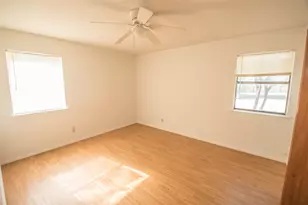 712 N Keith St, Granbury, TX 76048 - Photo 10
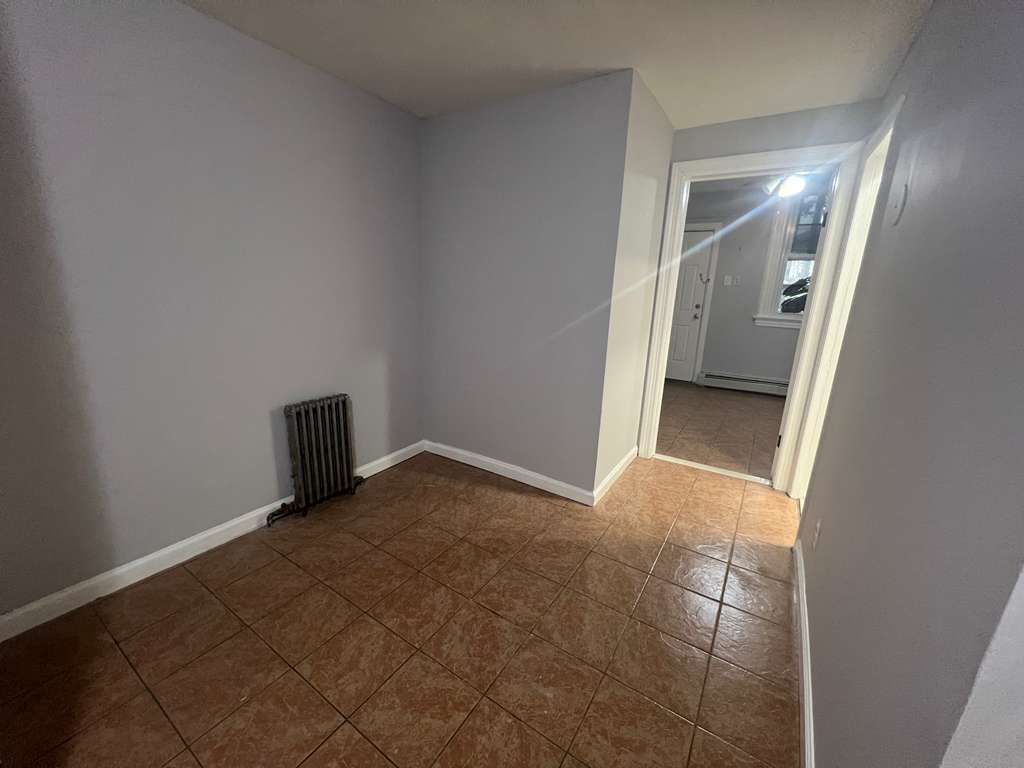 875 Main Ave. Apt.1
═══
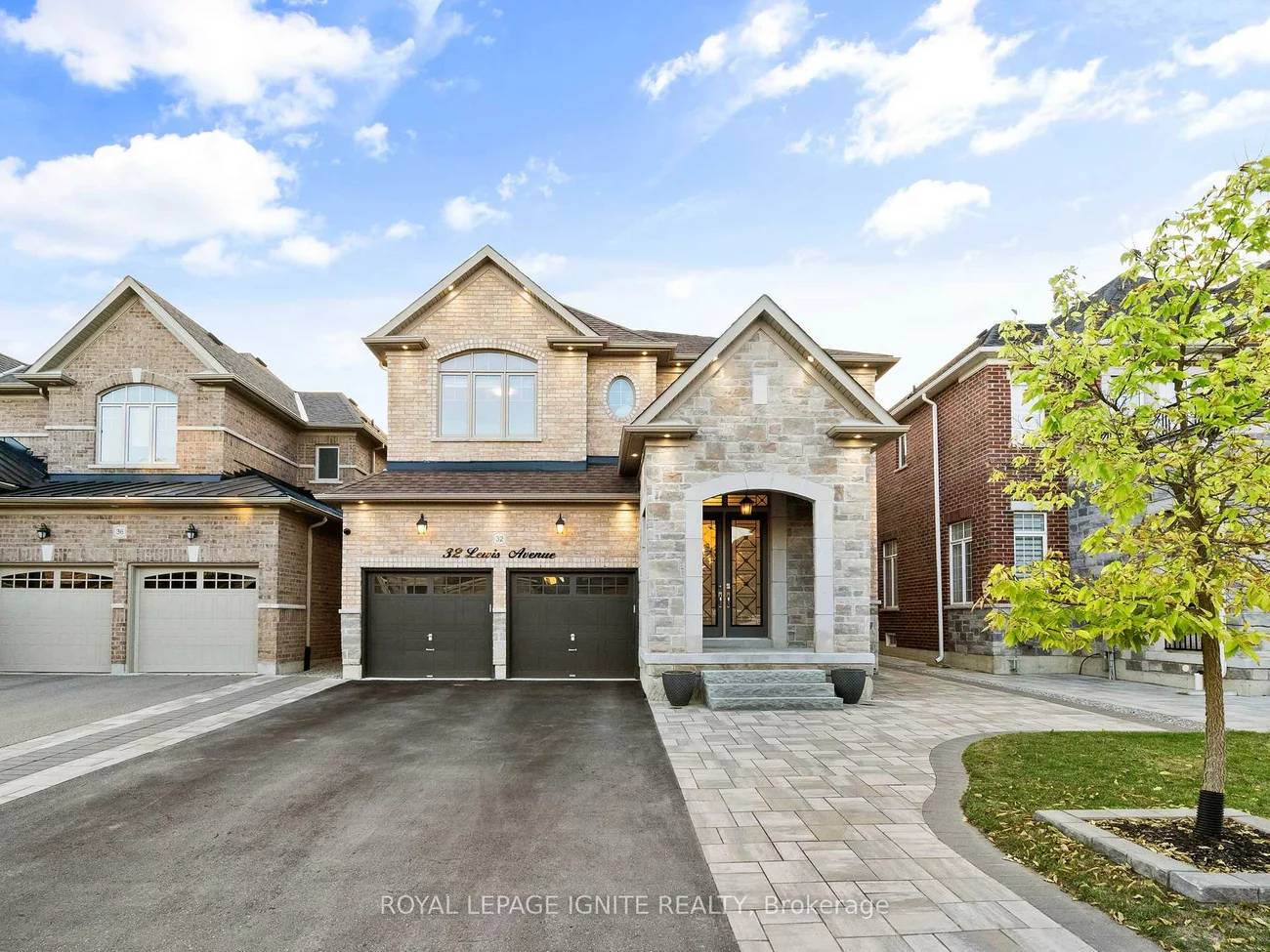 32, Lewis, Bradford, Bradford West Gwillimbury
═══
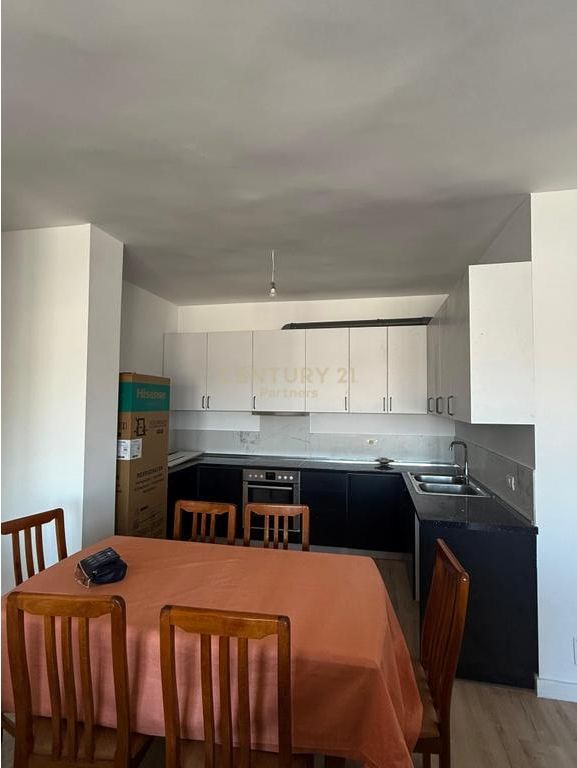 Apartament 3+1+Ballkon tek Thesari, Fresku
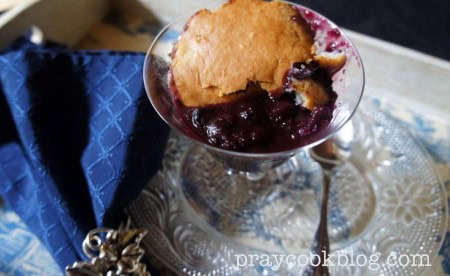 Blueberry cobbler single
═══
■ Task description
In the listing above, find the line with "712 N Keith" and output it and every line after it up to and including the line with "875 Main Ave. Apt.1", exactly, minus the pictures.

■ Finished exercise
 712 N Keith St, Granbury, TX 76048 - Photo 10
 875 Main Ave. Apt.1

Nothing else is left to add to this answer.